[WHAT IS NEEDED]
Take each line of the data that contains the string "Fashion" and copy it.

[DATA FOR ANALYSIS]
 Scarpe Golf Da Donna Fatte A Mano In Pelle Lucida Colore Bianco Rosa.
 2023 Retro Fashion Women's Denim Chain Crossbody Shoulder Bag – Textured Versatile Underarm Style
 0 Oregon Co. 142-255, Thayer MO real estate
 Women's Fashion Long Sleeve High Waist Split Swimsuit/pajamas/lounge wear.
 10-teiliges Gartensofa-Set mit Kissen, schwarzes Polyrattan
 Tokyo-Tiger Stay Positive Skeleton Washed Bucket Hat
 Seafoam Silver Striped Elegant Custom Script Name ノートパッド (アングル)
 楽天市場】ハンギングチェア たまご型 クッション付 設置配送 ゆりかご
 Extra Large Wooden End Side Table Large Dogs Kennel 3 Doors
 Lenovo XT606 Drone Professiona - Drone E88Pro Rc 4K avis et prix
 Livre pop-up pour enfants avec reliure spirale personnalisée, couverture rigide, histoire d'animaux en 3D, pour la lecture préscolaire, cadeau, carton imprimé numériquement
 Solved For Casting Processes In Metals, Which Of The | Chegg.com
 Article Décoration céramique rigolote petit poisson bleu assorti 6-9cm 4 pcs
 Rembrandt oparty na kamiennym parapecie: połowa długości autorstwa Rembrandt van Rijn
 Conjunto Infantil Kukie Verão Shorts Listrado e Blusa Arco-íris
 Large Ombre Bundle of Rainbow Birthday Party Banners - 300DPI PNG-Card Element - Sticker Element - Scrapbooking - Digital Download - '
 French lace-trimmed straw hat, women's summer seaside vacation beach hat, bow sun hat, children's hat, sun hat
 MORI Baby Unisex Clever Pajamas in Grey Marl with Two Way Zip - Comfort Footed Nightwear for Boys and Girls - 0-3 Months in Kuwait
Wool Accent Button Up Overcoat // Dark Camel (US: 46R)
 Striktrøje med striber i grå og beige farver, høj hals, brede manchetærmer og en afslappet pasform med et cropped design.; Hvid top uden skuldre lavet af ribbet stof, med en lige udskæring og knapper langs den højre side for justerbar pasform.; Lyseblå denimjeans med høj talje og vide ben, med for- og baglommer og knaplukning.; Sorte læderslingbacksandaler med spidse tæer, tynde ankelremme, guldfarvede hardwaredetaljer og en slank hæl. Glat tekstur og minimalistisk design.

[WORKED SOLUTION]
 2023 Retro Fashion Women's Denim Chain Crossbody Shoulder Bag – Textured Versatile Underarm Style
 Women's Fashion Long Sleeve High Waist Split Swimsuit/pajamas/lounge wear.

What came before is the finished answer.